The deputy commander of Naval Special Warfare Command, Rear Adm. Garry Bonelli, issued a statement acknowledging that nonjudicial punishments had been handed out for misconduct, but he did not offer any details.
"We do not tolerate deviations from the policies that govern who we are and what we do as sailors in the United States Navy," Bonelli said. He alluded to the importance of honoring nondisclosure agreements that SEALs sign.
He said the punishments this week "send a clear message throughout our force that we are and will be held to a high standard of accountability."
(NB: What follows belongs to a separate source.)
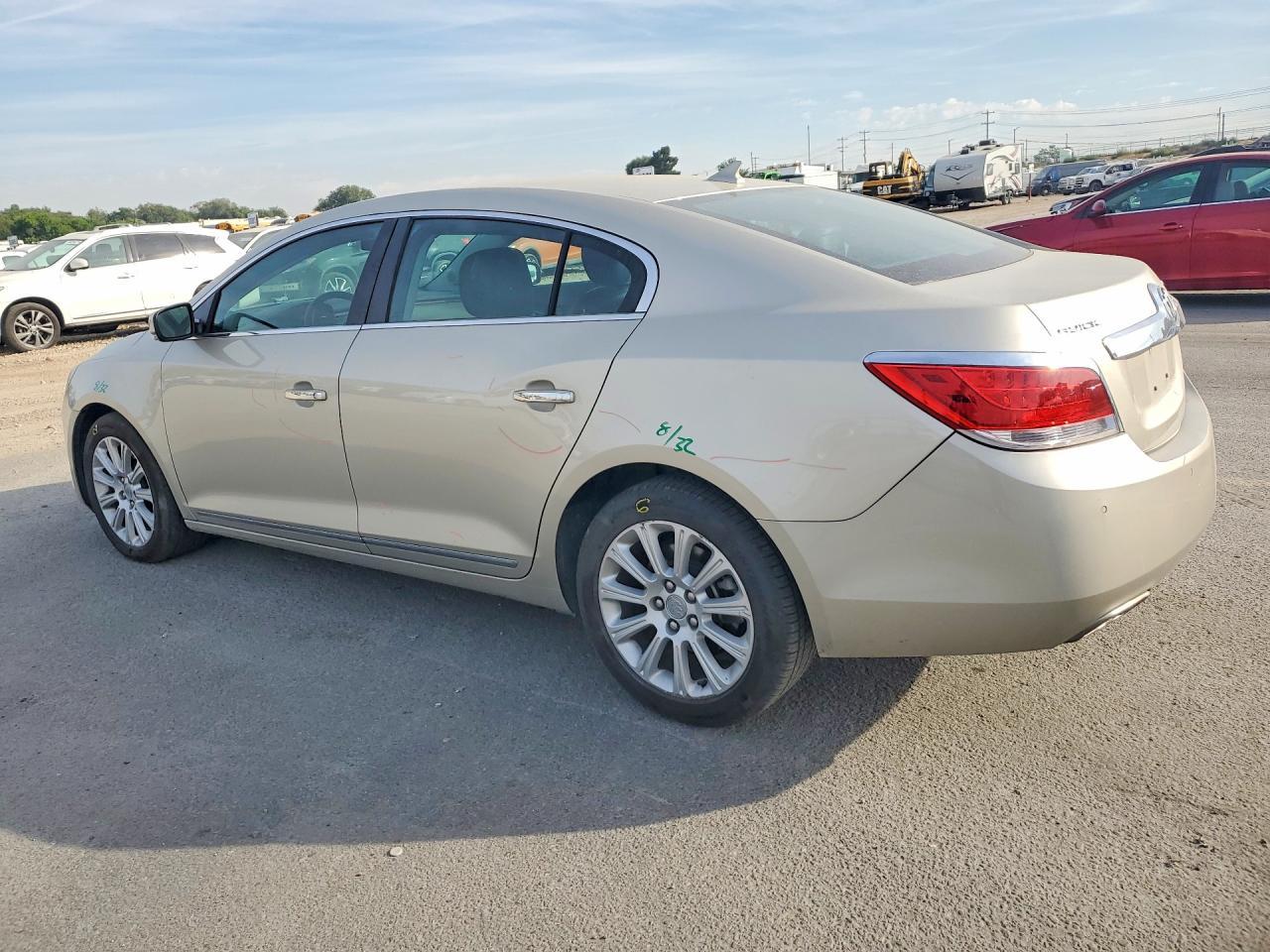 2013 Buick Lacrosse - Фото 2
The two main complaints against the SEALs were that they did not seek the permission of their command to take part in the video project and that they showed the video designers some of their specially designed combat equipment unique to their unit, said a senior military official. The official was briefed about the case but was not authorized to speak publicly about it.
SEALs, including some of those involved in the bin Laden raid of May 2011, have been uncharacteristically prominent in the news this year.
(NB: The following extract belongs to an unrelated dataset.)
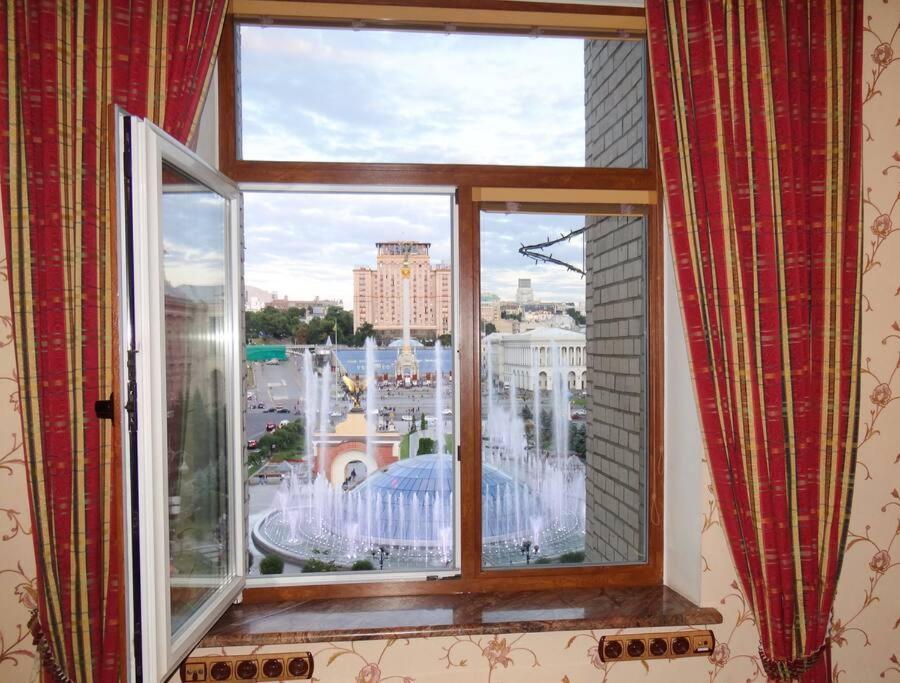 Apartment With View On Inpedendence Square Khreshchatyk Kiev Eksteriør bilde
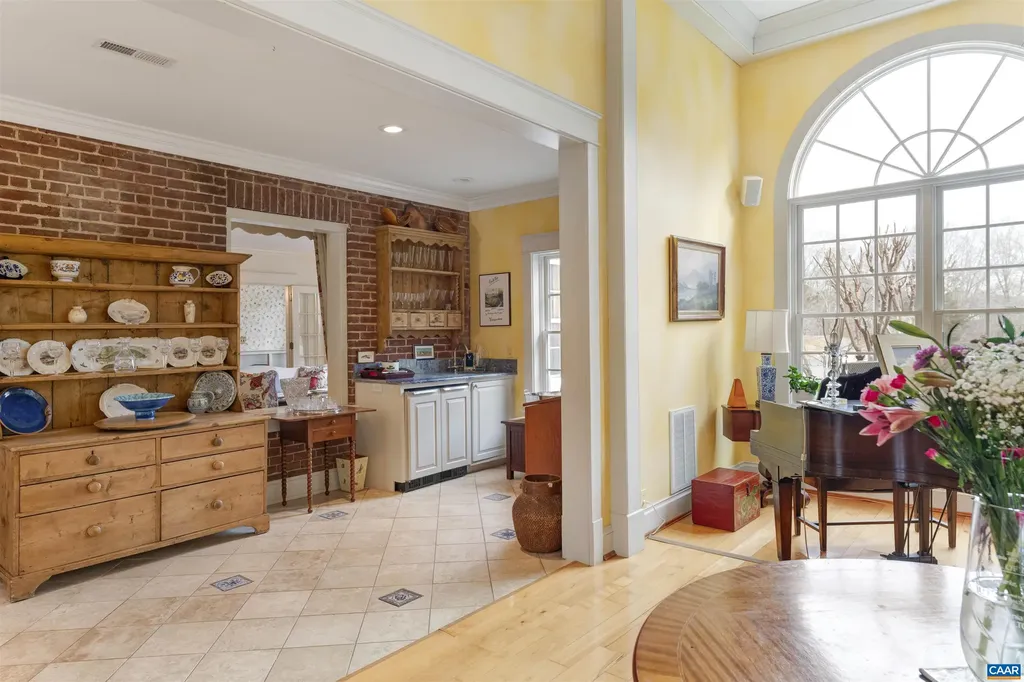 4040 Edge Valley Road North Garden VA 22959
Matt Bissonnette, who participated in the raid in Abbottabad, Pakistan, but later retired from the SEALs, wrote a firsthand account under the pseudonym Mark Owen, but he landed in hot water with the Pentagon even before it was published in September. The Pentagon accused him of disclosing classified information in violation of the nondisclosure agreements he had signed as a SEAL. He disputes the charge.
The SEAL mission to capture or kill Laden, while stunningly successful, encountered a number of unexpected obstacles, including the loss of a stealthy helicopter that was partially blown up by the SEALs after making a hard landing inside bin Laden's compound.
The head of Naval Special Warfare Command, Rear Adm. Sean Pybus, responded to the Bissonnette book by telling his force that "hawking details about a mission" and selling other information about SEAL training and operations puts the force and their families at risk.
SEALs, both active duty and retired, possess highly sensitive information about tactics and techniques that are central to the success of their secret and often dangerous missions overseas. That is why they are obliged to sign nondisclosure agreements when they enter service and when they leave, and it is why the Pentagon seeks to enforce such written agreements.
The punishments were first reported by CBS News.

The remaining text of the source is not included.